Binding rvalues to ref parameters redux

bitwise bitwise.pvt at gmail.com
Mon Apr 1 16:43:15 UTC 2019


On Thursday, 28 March 2019 at 16:07:17 UTC, Nicholas Wilson wrote:
>
>> It seems like a waste to have a keyword that's just an alias 
>> for two others (in = const scope), so why not put 'in' to 
>> better use, like to qualify a ref parameter as accepting 
>> rvalues, or to outright replace 'ref' for rvalue-ref accepting 
>> parameters?
>
> Code breakage.

In this case, I think it's worth it.

Dlang's documentation has warned against using 'in' for YEARS:
https://dlang.org/spec/function.html#param-storage

Any code using 'in' right now deserves to break. (but actually, 
that may not be necessary)

I think 'in' could actually be used without changing it's meaning 
at all. Technically, it is exactly what's needed:

> struct S { }
>
> // void func(const scope ref S s)
> void func(in ref S s) {
>    // ....
>}

If 's' is an rvalue, then the justification for each qualifier 
would be:

const - Modifying 's' has no effect. Allowing it is misleading 
and should be an error.
scope - Temporary arguments should not be allowed to escape, for 
memory safety.
ref - Large objects like 4x4 matrices should be passed by ref for 
efficiency.

So again, 'in' seems like the correct choice for qualifying 'ref' 
parameters as taking rvalues.

As far as using const, I don't really think it's that bad.

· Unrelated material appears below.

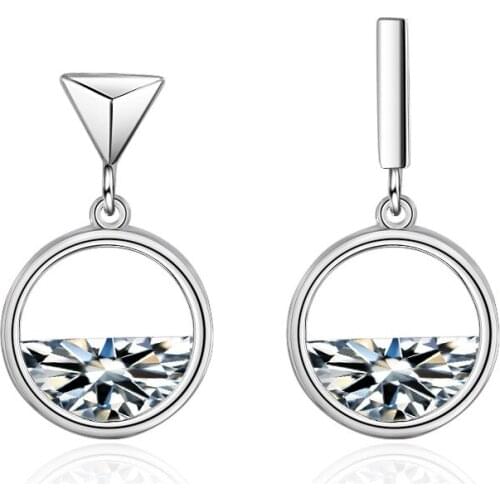 New Arrival 925 Sterling Silver Hot Sale Asymmetric Crystal Ladiesstud Earrings Wholesale Jewelry Women Gift Drop Shipping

If I had to have my rvalues qualified with const, that would be 
fine. To be honest, I don't think I've written any C/C++ code 
that casts const away in years, and would consider it 
unjustifiable. Dealing with legacy code is the only reason I can 
think of that someone may legitimately need to cast const away, 
which is fine though, because if D's const is used with legacy 
code (Extern C or C++ code), you can cast it all you want (to the 
same extent you would in your C code) because you know that 
what's underneath can't possibly be immutable, as C/C++ have no 
such concept.

So finally, I would suggest that rvalues only bind to 'in ref'.